Retirees and near-retirees need to find every tax deduction they can take. There are several ways to reduce your tax bill, but you often need to take action before the end of December. The Tax…
Retirees and near-retirees need to find every tax deduction they can take. There are several ways to reduce your tax bill, but you often need to take action before the end of December. The Tax Cuts and Jobs Act changes the tax law in many important ways. Here are five tips for retirees filing taxes for 2018.
Take required minimum distributions. Required minimum distributions are amounts the owner of a retirement account must withdraw annually starting after age 70 1/2. When you made those contributions to your retirement plan years ago, they were tax-deferred — not tax-free.
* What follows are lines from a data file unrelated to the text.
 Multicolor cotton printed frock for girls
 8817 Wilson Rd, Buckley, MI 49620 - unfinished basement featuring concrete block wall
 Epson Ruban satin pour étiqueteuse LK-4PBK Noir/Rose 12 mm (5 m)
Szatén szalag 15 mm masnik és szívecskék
It’s now time for retirees to pay up.
Forgetting to take your required minimum distributions from your retirement account can cost you big time. “Some people forget,” says Douglas Birch, managing director of the tax group at CBIZ in Clearwater, Florida. “If you miss the withdrawal, you will be subject not only to the taxes, but a 50 percent excise penalty on the amount you were supposed to take out, but didn’t.”
Make qualified charitable distributions. Some people don’t want to take their retirement account distributions or don’t need to. A 401(k) or IRA withdrawal causes your income to go up for that year, and that may impact your Social Security taxes and increase your Medicare payments. If the RMD instead goes directly to a charity, it stays off your tax return and reduces your income. “Take your RMD, but instead of putting it in your pocket, send it directly to the charity,” says Karen Mims, a tax attorney and founder of Harbour Point Wealth Management in Columbia, Maryland.
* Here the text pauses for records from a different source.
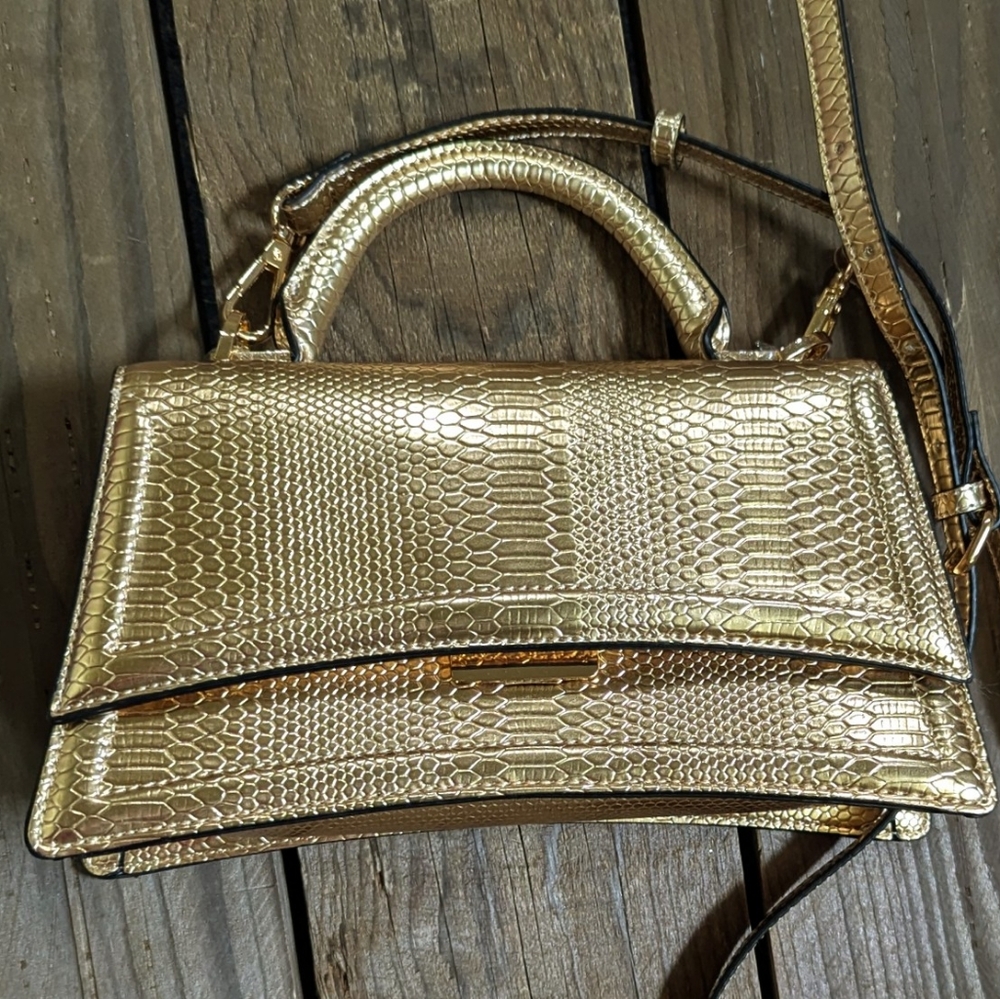 Aldo Gold Textured Handbag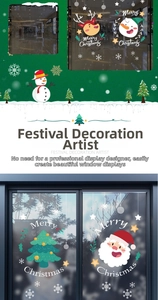 Detailed view of festive Christmas window stickers with Santa Claus and snowman motifs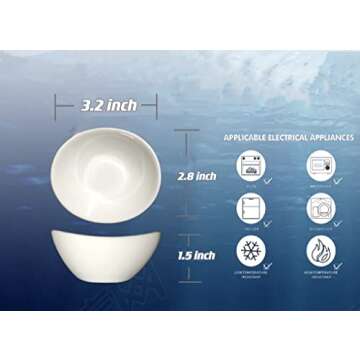 Holitika Sauce Dish-Dipping Bowls,Sauce Cups/Bowls/Dishes for Soy Sauce,Ketchup,BBQ Sauce,Sushi Soy ...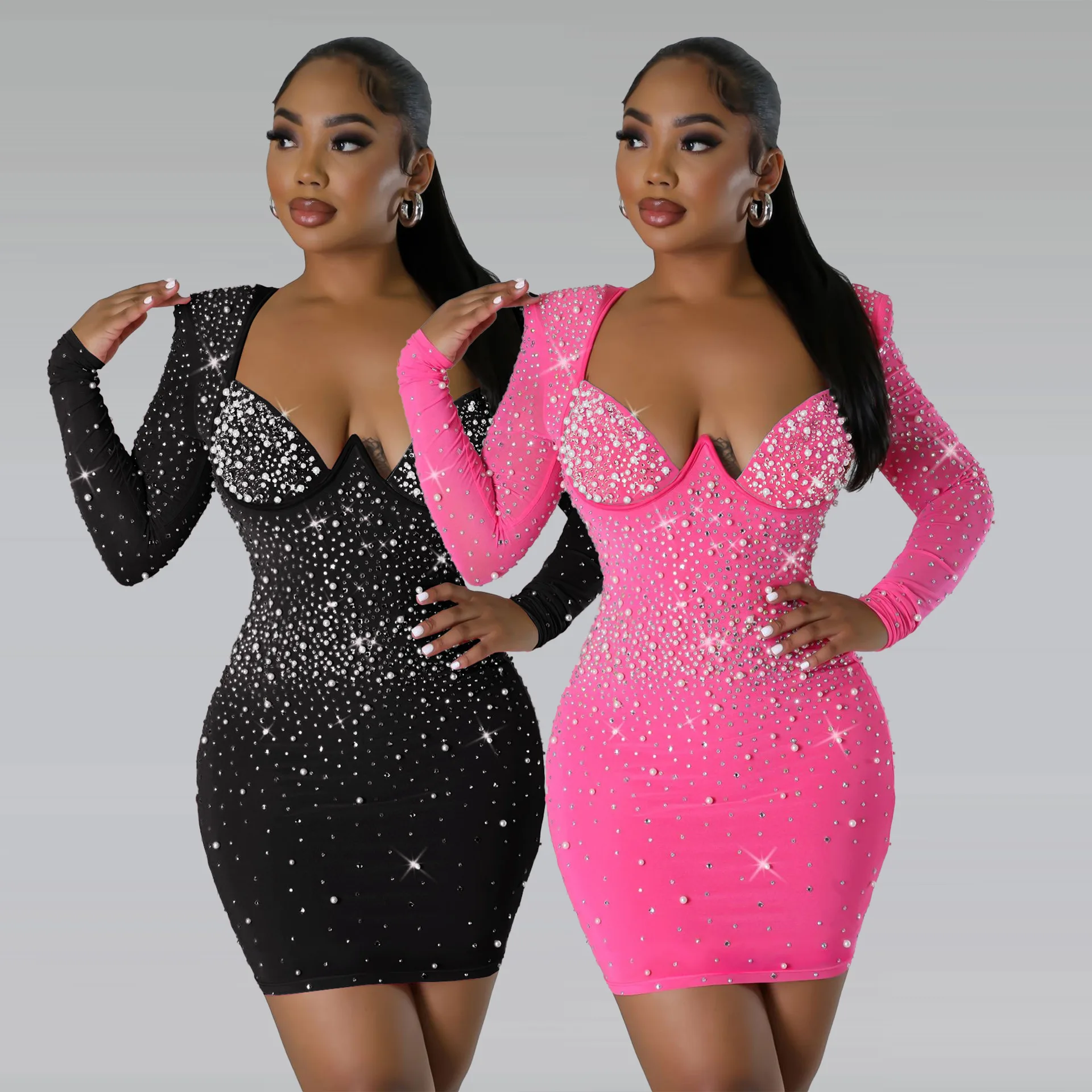 

Сексуальный, приталенный крой, приталенный крой с горячими бриллиантами, эластичный пояс на бедрах, темперамент платья с длинными рукавами, элитные тонкие новые вечерние платья для одежды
Open a health savings account. If you are enrolled in a high-deductible health plan in 2018, you are eligible to contribute to a health savings account until your tax filing deadline in April 2019. The HSA offers a triple tax benefit: contributions are made on a pretax basis, interest and investment earnings are tax-free and qualified medical payments are tax-free.
If you are 55 or older, you can contribute an additional $1,000 to your HSA, or $2,000 for a married couple. The IRS also allows a once-in-a-lifetime transfer from your IRA to your HSA. However, you are not allowed to contribute to a HSA once you have enrolled in Medicare.
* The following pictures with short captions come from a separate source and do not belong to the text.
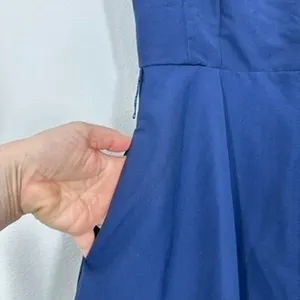 Julia Jordan Size‎ 4 Navy Blue Midi Dress Square Neck Sleeveless Feminine Fall thumbnail 3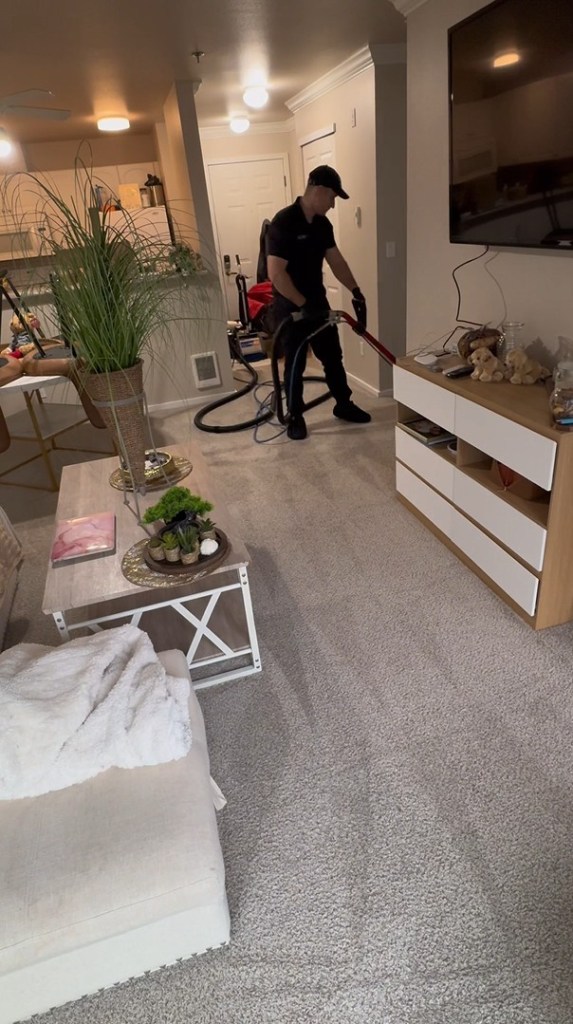 Family with pets on carpet illustrating need for frequent carpet cleaning
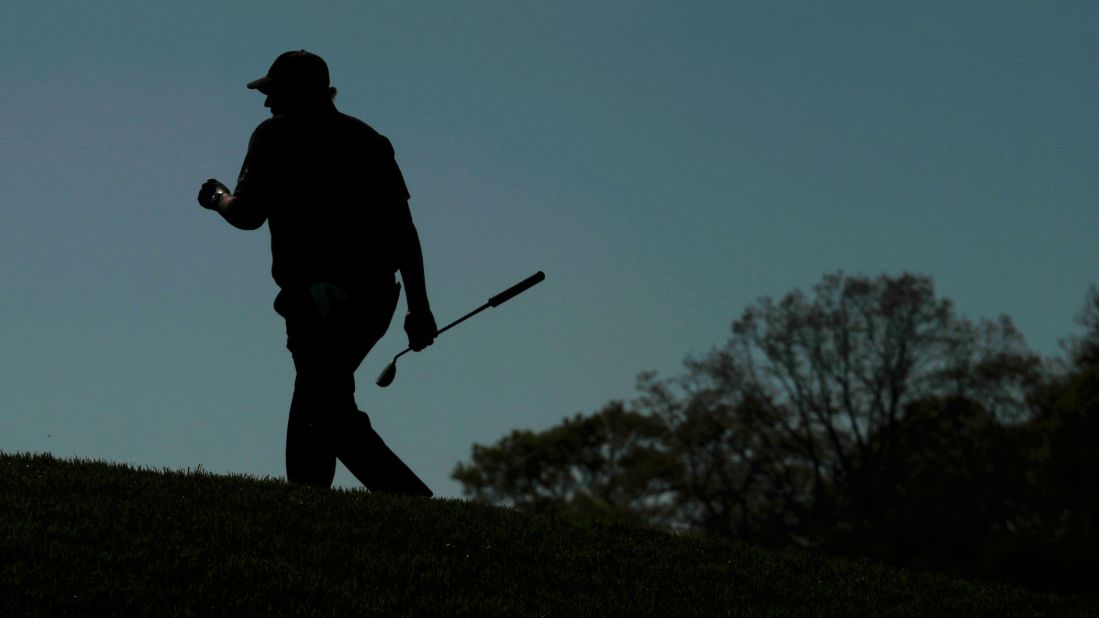 Phil Mickelson walks up to the 18th green during the third round.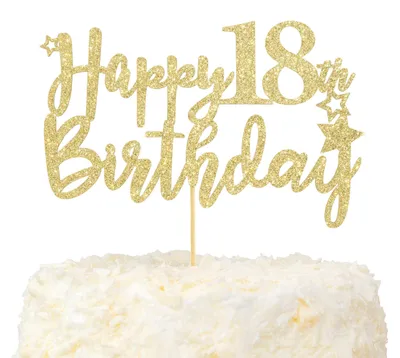 Produktbild von Kuchenverzierungen für den 18. Geburtstag mit goldenem Glitzer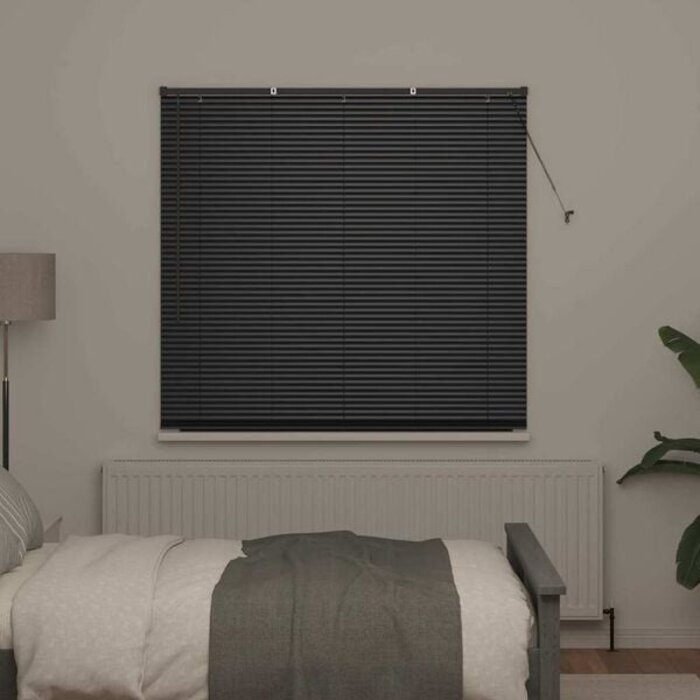 Vidaxl Aluminium Jalousie Schwarz 175 x 140 cm, 25 mm Lamellen - bis zu 33% reduziert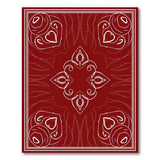 Ornate Red Floral Heart Motif Area Rug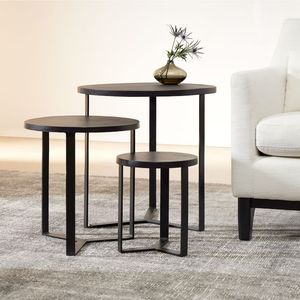 Juego de mesas nido de metal de primera calidad con acabado antiguo para muebles de lujo para el hogar y diseño de interiores de hoteles - Product Image 1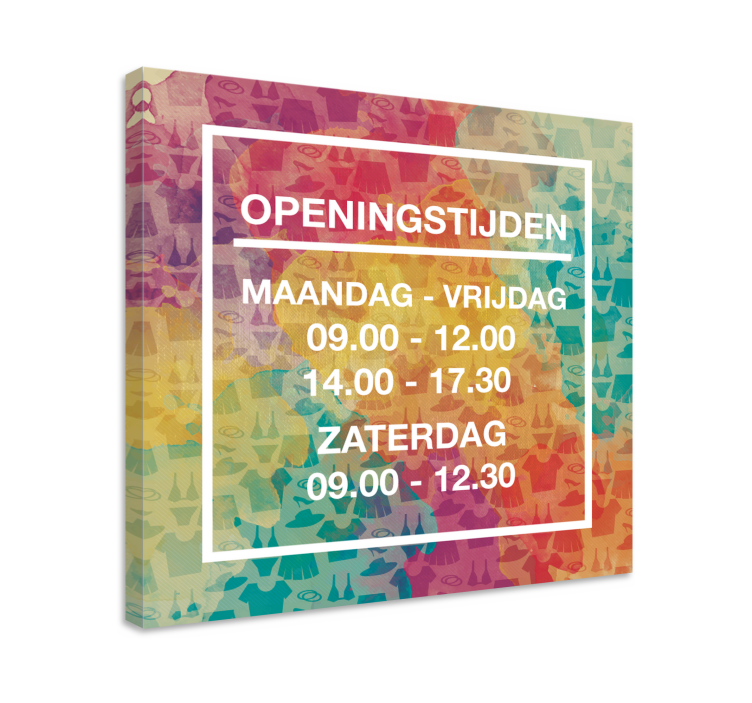 Kleurrijke aanpasbaar openingstijden schilderij - TenStickers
Consider the new tax law. One major change in the new tax law is the increase in the standard deduction to $12,000 for single people and $24,000 for married couples filing jointly. And once you or your spouse turns age 65, you can qualify for an even higher standard deduction. This is expected to dramatically reduce the number of people who itemize. “Do a tax return for 2018 and do it based on the Tax Cuts and Jobs Act so you can see, ‘How did that affect me?'” Mims says. “It avoids you acting surprised on April 15. Go through it now and see what you’ve done year-to-date and how it will reflect on your tax return.” Running the numbers now gives you time to make changes before the end of the calendar year.
Another major tax change for 2018 is a $10,000 cap on property and sales or state income tax deductions. Those who have high property taxes will only be able to deduct $10,000 under the new tax law.
Bunch up your deductions. You must itemize your taxes in order to claim a tax deduction for charitable contributions. “If you are a person who did not have more than $24,000 of itemized deductions, you don’t get to use charitable deductions,” Mims says.
If you can’t swing large charitable contributions in a single year, double your charitable contributions in one year and make none the next year, Birch says. Then, your total deductions will exceed the standard deduction in the year you make the contributions and you will be able to itemize that year. You can claim the standard deduction in years when you don’t contribute large amounts to charity.